Haiti has virtually no economy and few exports other than people heading for a better life elsewhere. An estimated 70 percent of the population are unemployed. Per capita income is $390 a year. Most food is imported, and therefore expensive, so the average Haitian lives on subsistence diet of 800 calories a day, based on corn, cassava, millet, rice, fruit, beans, goat, pork, and shellfish. There is a shortage of potable water. Access to clean water is 71 percent, but access to sanitary facilities is only 34 percent, even in the urban areas. Massive deforestation in the mountains along the border with the Dominican Republic has left the country vulnerable to storm flooding, mud slides, and soil erosion.

Life expectancy at birth is 51.89 years for males and 54.6 years for female, with healthy life expectancy 43.5 years for men and 44.1 years for women. Infant mortality is high, with 102 of every 1,000 infants dying before the age of 1, and 117 of every 1,000 children dying before the age of 5. Maternal mortality is equally high, with 1,000 deaths per 100,000 live births. Only 24 percent of births are monitored by trained attendants. Sev-enty-eight percent of women receive at least some prenatal care. Only 27 percent have access to birth control.

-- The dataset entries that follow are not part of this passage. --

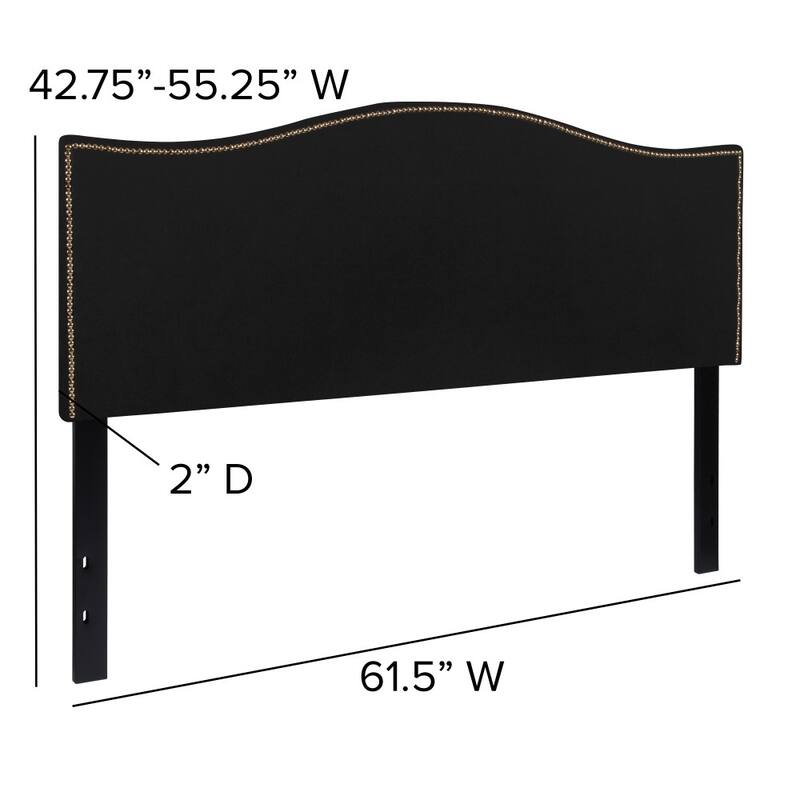 Arched Upholstered Headboard with Nailhead Trim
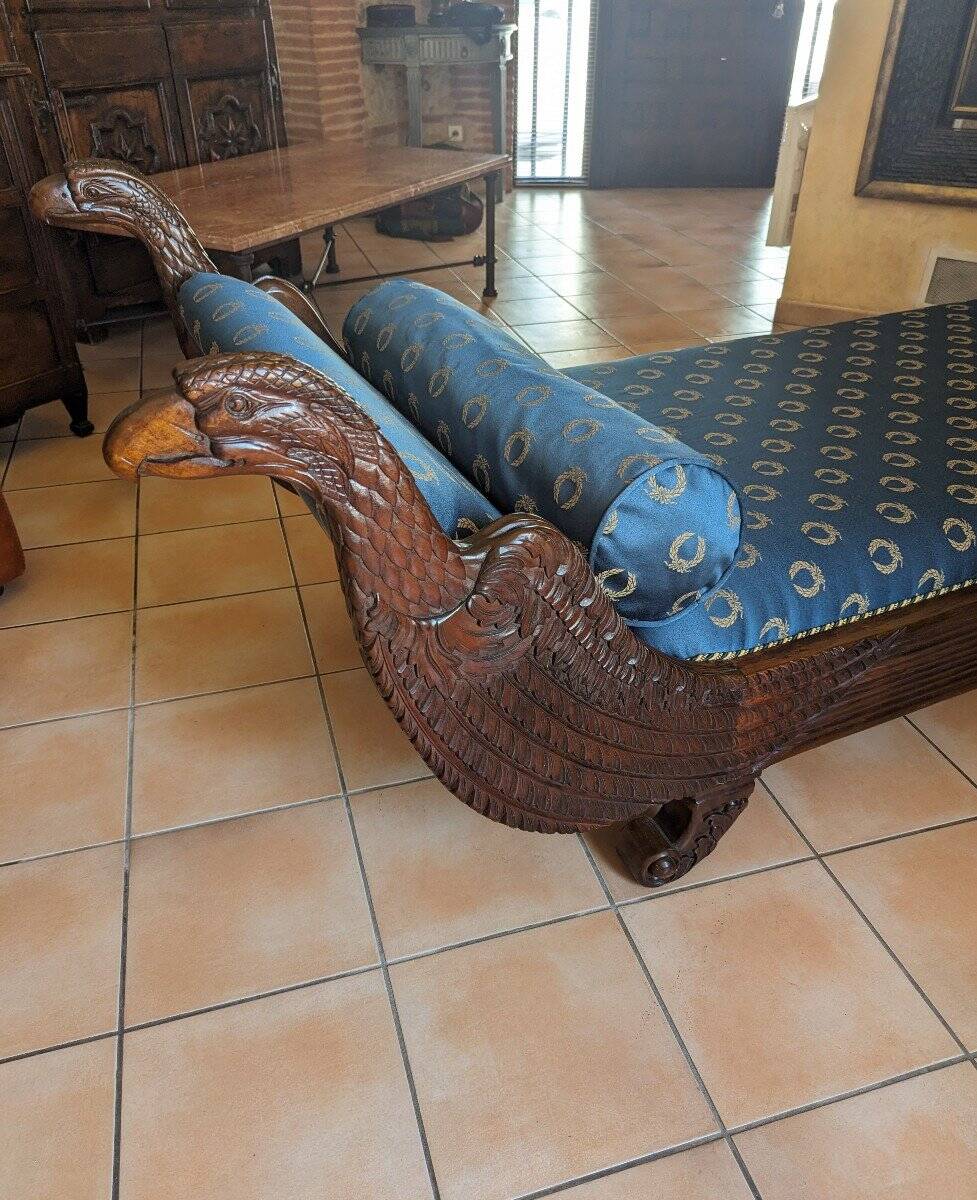 Empire period bench or daybed in Cuban mahogany
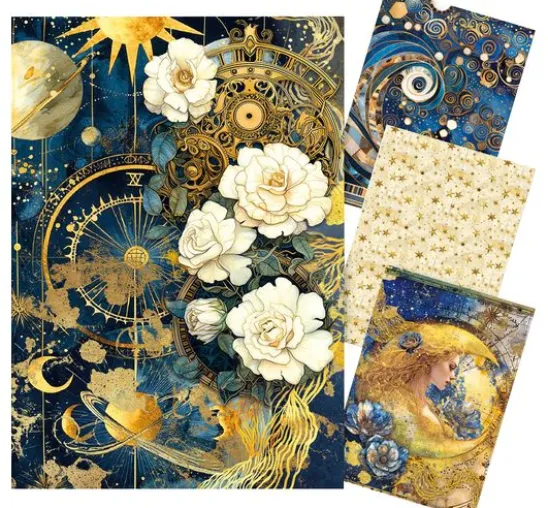 Motiv-Strohseiden-Sortiment "Celestial", 4er-Set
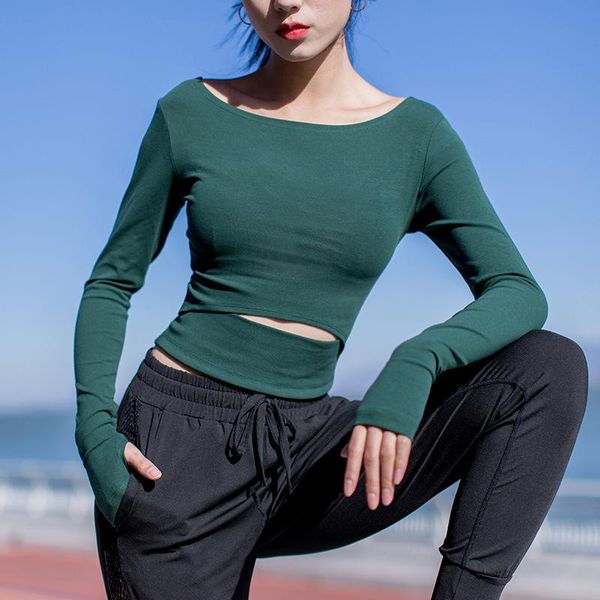 

yoga outfits sport crop women green cotton long sleeve tight seamless athletic gym fitness shirts jerseys activewear womens, White;red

The rates of HIV/AIDS are among the highest in the hemisphere, with 5.6 percent of the population, or 280,000 people, already infected with the virus. At least 24,000 Haitians have already died of AIDS. Haiti also has the highest per capita incidence of tuberculosis in Latin America. Tuberculosis alone kills 6,000 Haitians each year.

The tropical climate, poor nutrition, and virtually nonexistent sanitation makes Haiti an excellent breeding ground for a wide variety of diseases, including diarrhea, malaria, typhus, rabies, anthrax, Q fever, brucellosis, hookworm, roundworm, schistosomiasis, and leptospirosis. Diabetes, arising from an unbalanced and nutrition-poor diet, is another growing health problem. In 2000, the World Health Organization tallied 161,000 cases of diabetes in Haiti; by 2030, it expects this number to grow to 401,000. Rates of child immunization are very low, with only 43 percent of children protected against diphtheria, pertussis, tetanus, and polio, and only 54 percent receiving measles vaccination. The AIDS and tuberculosis epidemics have created a generation of orphaned children, who become easy prey for child traffickers. Most schools are closed due to ongoing political violence, with only 50 percent of school-aged children enrolled in programs, and less than 2 percent finishing secondary school.